Ruling Awami League (AL) chief Sheikh Hasina looks all set to be elected the leader of the AL parliamentary party after an easy two-third majority in the January 5 parliamentary polls. MPs elected through the one-sided election will take oath any day after January 24, after the expiry of the tenure of the current parliament. So, upon her election as the leader of the majority party, she will be appointed by President Abdul Hamid as the new Prime Minister. She will swear in as the premier in two consecutive terms and for the third in her political career. She will have a new life as the PM for five more years. She will then advise the President to convene the new parliament within 30 days since the publication of results of the January 5 election in an official gazette.
The new parliament will have three types of MPs–154 elected unopposed, 146 elected in friendly contest and 50 to women reserved seats to be indirectly elected. So, it is clear that the parliament will be dominated by MPs elected either unopposed or in an indirect election or in a farcical election. Of course, this will be an abnormal parliament. The government and ruling AL may keep claiming that the new parliament is an elected one. But their claim will remain limited to some technical aspect as the January 5 election is being held only in paper.
But everybody knows that the majority of the people had nothing to say in the January 5 polls as their voting rights have been denied. Sheikh Hasina however did not like to be elected unopposed from two constituencies. Two Jatiya Party men, who were unwilling and unprepared to contest the election, are now challenging her in Gopalganj-3 and Rangpur-6. If both the Jatiya Party men could have been able to withdraw their nomination papers, Hasina would have been elected unopposed. Her government has abolished the caretaker government on grounds that the election time non-partisan caretaker government was formed with unelected people. Will Hasina’s new government be able to claim that her new government is elected by the people? The caretaker government’s functions were very limited. It did some routine work and had extended all out cooperation to the Election Commission to hold a free and fair parliamentary election in 90 days timeframe. But Hasina’s new government will be formed for five years and it will have all the powers necessary to run the country. There will be no strong opposition in the parliament to hold the government accountable. Those elected as MPs from other parties will remain loyal to the AL.

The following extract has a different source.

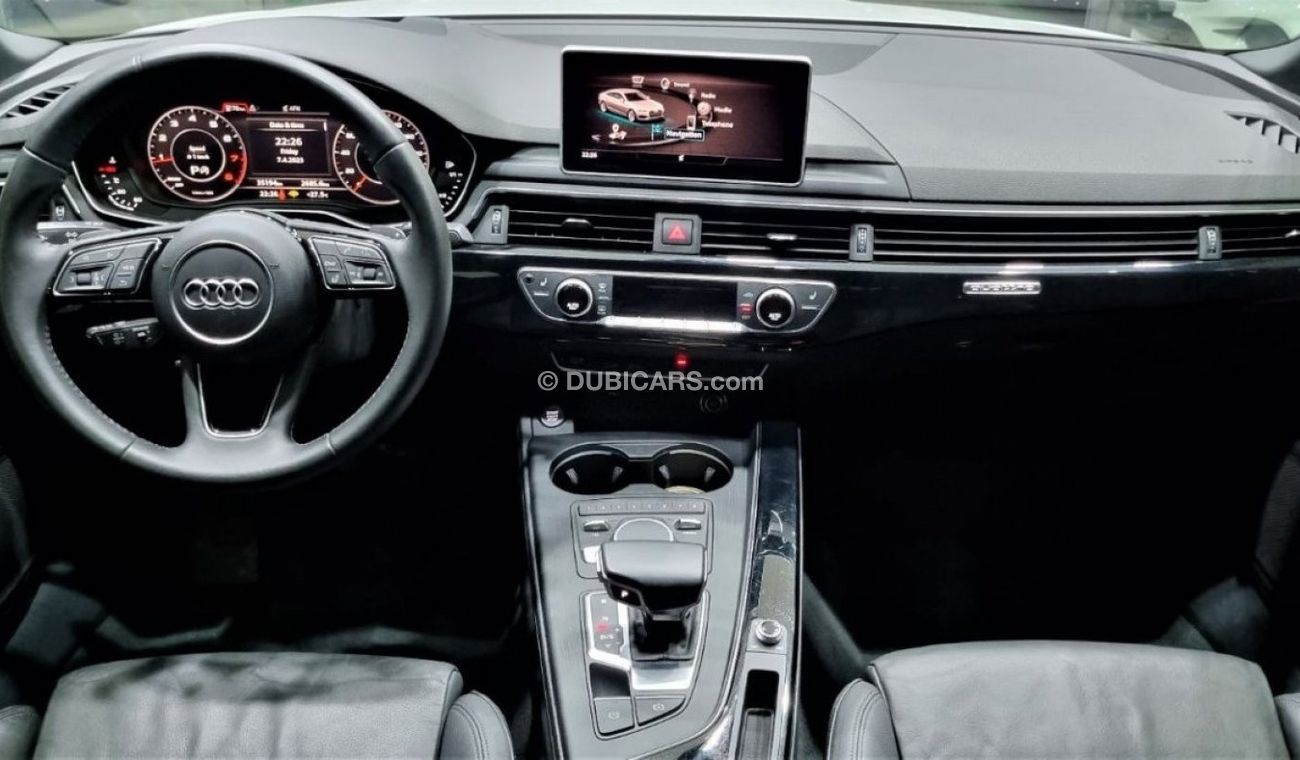Audi A5 45 TFSI quattro S-Line AUDI A5 S LINE 45TFSI 2019 LOW MILEAGE ONLY 35K KM FOR 119K AED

How will the new parliament and Hasina government perform after being elected in such a controversial election? The coming days look all set to be more volatile. The BNP-led opposition and other parties will continue to wage street agitation against her government. Different sections of people may continue to criticise the government for its failure to hold a credible parliamentary election. So, her new government with little legitimacy and public support will have to spend much of its strength to face the opposition. Unruly and controversial activities of many MPs and ruling AL men may give Hasina’s new government more pain. Their activities might generate more controversy and taint the image of the new government. Many wealth statements published in different newspapers have already shown how they were desperate in the last five years to make money in lawful and unlawful ways. The new parliament and the new government might make the corrupt even more corrupt.
Hasina’s new government moreover might face a diplomatic crisis as the international community has taken a stance against the one-sided January 5 election. The European Union and the US have refused to send observers for this election. Many other countries are set to follow them. They did what they had done in January 2007 as they were against the January 22 one-sided parliamentary polls which were cancelled following the declaration of the State of Emergency. The international community believes that sending observers for the January 5 elections is tantamount to making this election credible. As they took a stance against the election, they might take position against its outcome too.

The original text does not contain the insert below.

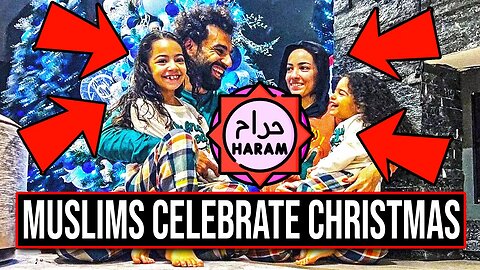 Can Muslims Celebrate Christmas..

A number of officials in the diplomatic arena in Dhaka told this correspondent that diplomats stationed in Dhaka have opened discussions amongst themselves to find their next course of action. They will be sending reports on the prevailing situation to their respective countries. The reports they will be sending of course will not favour Hasina’s new government. So, it will be difficult for her government to expect cooperation from the international communities and the donor agencies. If so, what will be the fate of the country’s various development projects that are funded by donor countries and some international agencies? Will Hasina’s new government lead the country towards a grave danger, making the country alienated from the international community? ┬áIs it possible for a country to survive alone in the days of globalisation?
In parliamentary democracy, the parliament forms and ends a government. What will the new parliament do if the government faces a tough time both nationally and internationally? Will the parliament help the government to overcome the crisis? Or will the parliament will behave in an abnormal way?

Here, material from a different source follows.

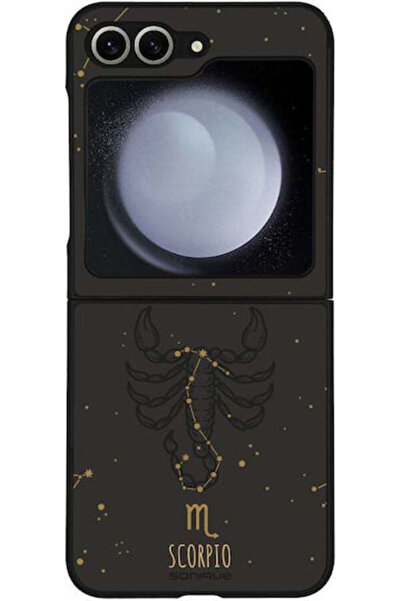 Other Σειρά Sonique Zodiac Samsung Galaxy Z Flip 6 Θήκη Σκορπιός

A Note on Mad Parliament: In the UK, the birth place of parliamentary form of government, there was a parliament over 800 years ago which was called ‘Mad Parliament’. Its exact name was ‘The Oxford Parliament’. But its functions were against the king’s absolute power. The parliament started to make laws and regulations to curtail the power of the king in different ways. In this parliament, a group of barons had forced King Henry to accept a new form of government in which power was placed in the hands of the Privy Council, a council of fifteen members who were to supervise ministerial appointments, local administration and the custody of royal castles. Parliament, meanwhile, which was to meet three times a year, would monitor the performance of this council. Such activities infuriated the King and his men. So, they called in the ‘Mad Parliament’. But in the history of the evolution of parliamentary democracy, the importance of this parliament is immense.